Ему хотелось, чтобы она вошла в этот царский зал для торжественных приёмов и увидела бы его на троне. Пусть не в парадных золотых одеждах, но всё равно в блеске и величии. Слуга уже кинулся исполнять поручение, но фараон его остановил.
— Не надо! Я сам!
Он вышел из зала, быстрым шагом прошёл к матери, накладывавшей душистые румяна на щёки, но Тиу, радостно улыбнувшись, лишь развела руками:
— Только что весело щебетала здесь, как птичка, но ты её знаешь, на месте она не сидит! На тебя не сердится, даже наоборот...

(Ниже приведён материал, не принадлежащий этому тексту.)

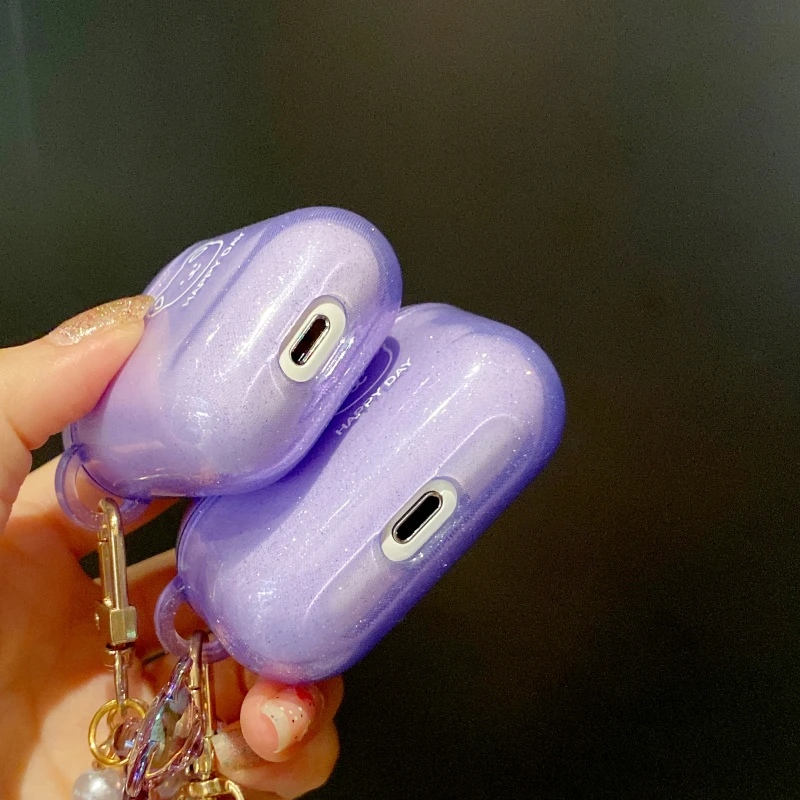 Роскошный Жемчужный браслет с медведем брелок для наушников чехол для Apple Airpods 1 2 Pro Беспроводная гарнитура Мягкий чехол Подарок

— Что «наоборот»? — загорелся он.
— Теперь она верит, что ты её любишь!
Он радостно фыркнул, выскочил из материнских покоев, гулким прохладным коридором добежал до спальни Ов, принадлежавшей теперь Нефертити, постучал и тут же открыл — никого. Кровать под балдахином даже не смята. Куда же она могла исчезнуть? Он вышел, двинулся дальше, остановился у дверей второго гостевого зала, чуть поменьше, поскромнее, где Илия по его просьбе беседовал с иноземными послами, и прислушался. Говорил первый царедворец, его нежный бархатный тембр ласкал слух. Слов разобрать было нельзя, но прежняя ревность тотчас вспыхнула в нежной душе правителя. Ему на мгновение даже послышался женский вздох в ответ, и фараон, не выдержав, резко распахнул обе двери.

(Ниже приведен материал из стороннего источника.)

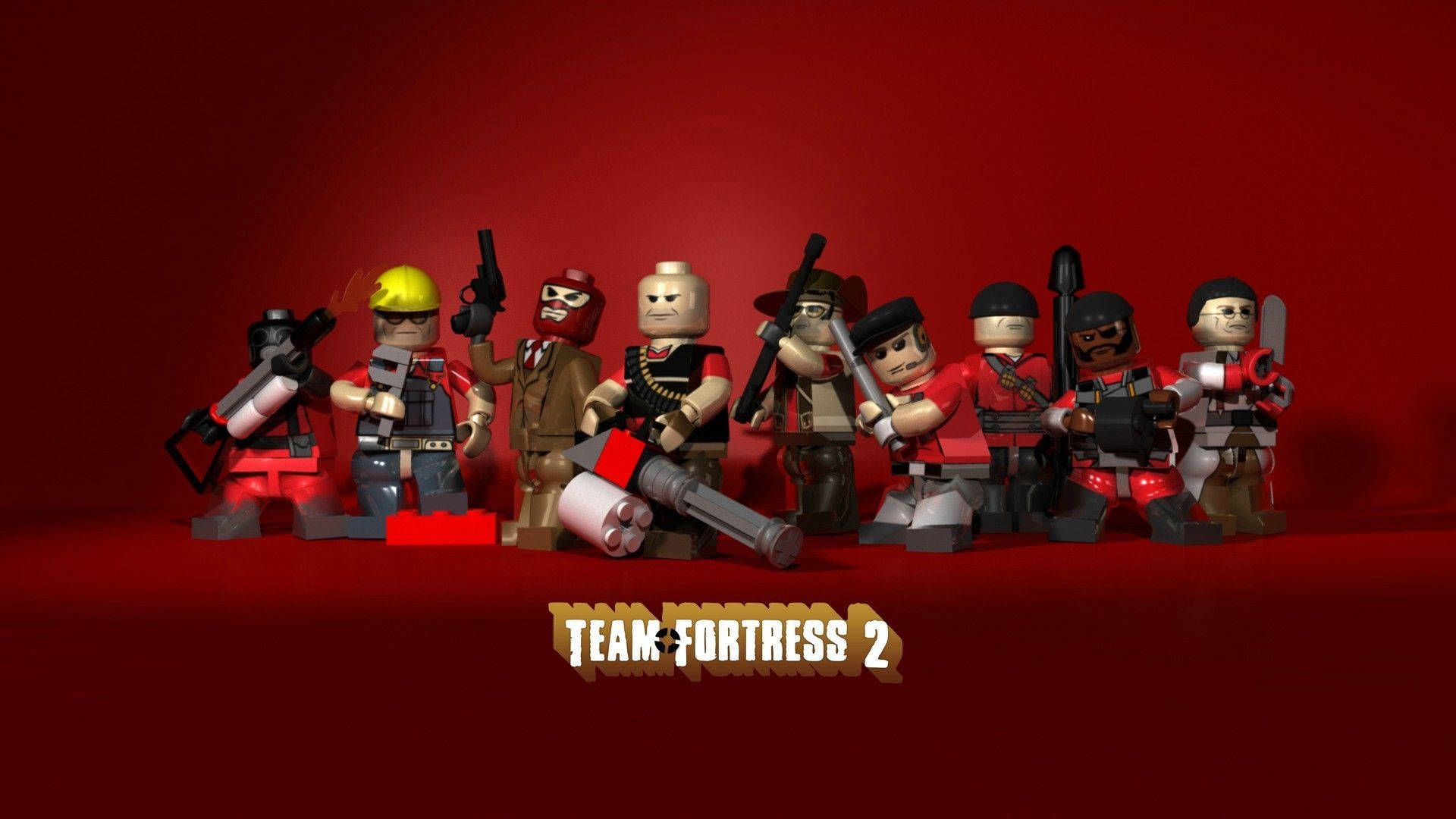 Cool Gaming Lego Team Fortress Background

За овальным столом, уставленным сладостями и бокалами с вином, Илия беседовал с толстым и неповоротливым Мараду, послом касситской Вавилонии. Уезжая, большеголовый предполагал, что его властитель, узнав о том, что сватовство не состоялось, придёт в неописуемую ярость и разорвёт все отношения с Египтом, но вышло наоборот: царские оракулы разгадали секрет Аменхетепа Третьего, проведав о грядущей засухе, и Куригальзу на второй же день отправил посланника с новыми дарами опять в Фивы, на этот раз договариваться о поставках зерна. Илия сообщал самодержцу о неожиданном возвращении Мараду, требовавшего свидания с ним, но фараон наотрез отказался с ним общаться, сказавшись больным.
Краска смущения покрыла лицо фараона, когда он увидел, что прервал мирное течение беседы двух сановников и поставил ханаанина в неловкое положение.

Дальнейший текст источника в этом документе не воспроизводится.